Lord Desai: My Lords, is the noble Lord in order? We are on Third Reading.

Lord McNally: My Lords, I am asking the Minister a question, but I defer to the greater knowledge of procedure of the noble Lord, Lord Desai. I rest my point there.

Lord Sempill: My Lords, I am grateful to the Minister for his reply. I am disappointed that he is unable to support the amendment. I mentioned earlier that I arrived on the scene very late. My knowledge of the issues is limited to this specific area. The issue of concurrency is complex.
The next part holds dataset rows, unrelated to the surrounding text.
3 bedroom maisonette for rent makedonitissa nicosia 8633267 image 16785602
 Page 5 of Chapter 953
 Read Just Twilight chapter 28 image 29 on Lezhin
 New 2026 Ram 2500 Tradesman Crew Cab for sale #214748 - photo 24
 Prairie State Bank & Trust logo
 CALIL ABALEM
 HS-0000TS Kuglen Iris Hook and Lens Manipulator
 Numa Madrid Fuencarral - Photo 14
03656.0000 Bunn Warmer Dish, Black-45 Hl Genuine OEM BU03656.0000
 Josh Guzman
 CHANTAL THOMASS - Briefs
My colleagues and I have looked carefully at the amendment, and we feel that it clears up some of the areas of potential conflict. Therefore, we maintain that where there are circumstances which are easily identifiable now, with which the OFT should deal, they should be clearly identifiable in the Bill. Therefore I wish to test the opinion of the House on this amendment.

7.30 p.m.

On Question, Whether the said amendment (No. 37) shall be agreed to?

7.33 p.m.

The Deputy Speaker (Lord Ampthill): My Lords, Tellers for the Contents have not been appointed, pursuant to Standing Order No. 51. The Division therefore cannot take place and I declare that the Not-Contents have it.

Resolved in the negative, and amendment disagreed to accordingly.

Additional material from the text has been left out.